Ho [13] developed a combined experimental and modeling study aimed at relating crude oil properties to their intrinsic fouling tendencies. The experiments were conducted in a bench-scale with five types of crude oils in laminar shear flow. A mathematical model was developed by dividing the system into two subsystems to analyze the temperature drop data with the rate of fouling thickness growth from time series. The results yielded a quantitative understanding of fouling dynamics, primarily influenced by two dimensionless parameters, denoted as “/” and “r”. The former represents the Stanton number, reflecting the system’s heat transfer characteristics, while the latter is the product of a fouling Biot number and a speed ratio. Key properties of crude oil, such as S_BN/I_N (solubility blending number/insolubility number₎, n-heptane insoluble (NHI), T_BN (total base number), and metals, are identified as significant factors in fouling. In contrast to previous studies focusing on the consequences for process equipment, this analysis addresses the timing of fouling occurrences, allowing for preventive measures. The correlation between fouling and properties could aid in developing advanced chemical treatments to minimize fouling and optimize the use of different crude oils.

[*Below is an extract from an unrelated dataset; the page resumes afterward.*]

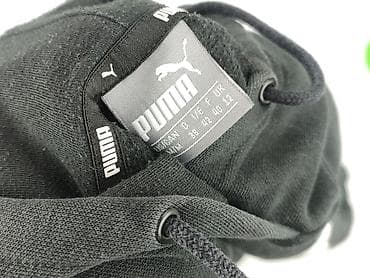 moda prl damska: Puma, Bluza z kapturem damska, rozmiar M — 4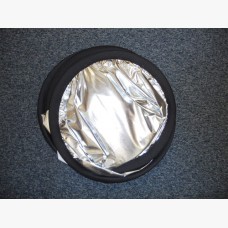 LL RA3496. Silver/white Reflector Panel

Xing et al. [14] studied the fouling behavior of thermally processed bitumen products obtained by visbreaking. The raw material was prepared by mixing crude oil bitumen with 15% volume of hydro-treated light oil. The visbreaking products obtained at different pitch conversions (525 °C + fractions) were characterized and tested in the laboratory for their fouling tendency in a benchtop heat exchanger test instrument. In order to further investigate the isolated contributions of olefins and asphaltenes to the fouling tendency, a selected visbreaking product was distilled into an olefin-rich fraction (less than 280 °C) and heavier fractions (greater than 280 °C) to avoid the loss of lighter fractions during the deasphalting process. The test results showed that the fouling tendency increased linearly with the total olefin content in the visbreaking products. It was found that higher conversions resulted in products with higher fouling tendency. The fouling tendency of visbreaking products reduced with increasing p-value (ratio of solubility number to insolubility number) and increased with increasing olefin content. The deasphalting process significantly reduced the fouling tendency of the visbreaking product. With the presence of olefins, asphaltenes had a significant effect on fouling tendency, while without them, the effect of asphaltenes on fouling tendency was less significant.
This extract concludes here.